Clark Co. Fire District faces federal lawsuit as former employee alleges hate crime, hostile work environment
CLARK CO. Wash. (KPTV) - Clark County Fire District 6 is facing a federal lawsuit after one of their former firefighters alleged that he experienced a hate crime and a hostile work environment.
The lawsuit filed in the US District Court for Western Washington details a racially-motivated assault, which allegedly took place last June.
The lawsuit alleges that a group of recruits was in a knot-tying class in one of the classrooms at the main Fire District building on June 7, 2022. That’s when one firefighter allegedly tied a noose around the neck of firefighter Elijah Page, who is Black, and simulated a lynching.

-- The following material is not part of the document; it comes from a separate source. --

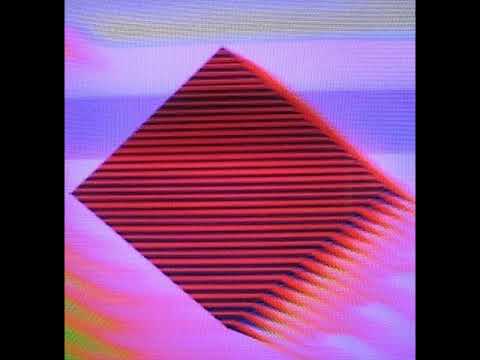 𝙇𝙪𝙭𝙭𝙡𝙮 - Hot Pink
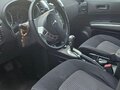 2010 Nissan X-Trail II, чёрный, 999900 рублей - вид 5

Six witness statements were included in the lawsuit, many of which recall Page telling the man to stop immediately and to never do it again, and that he found the whole thing extremely offensive.
A couple of the witness statements relayed that they thought the firefighter had intended his actions to be ‘humorous’, but that Page was not amused.
Page’s lawyer said the incident left him very shaken.
“He endured frankly the most humiliating and degrading experience of his life while working at the fire district, and it impacted him greatly,” said Angus Lee, a Senior Partner at the Angus Lee Law Firm.
In June 2022, Elijah Page had been with the Fire District for just a couple of months after transitioning out of a career with the sheriff’s office, where he was nominated as Deputy of the Year in 2020, and received various other awards during his tenure.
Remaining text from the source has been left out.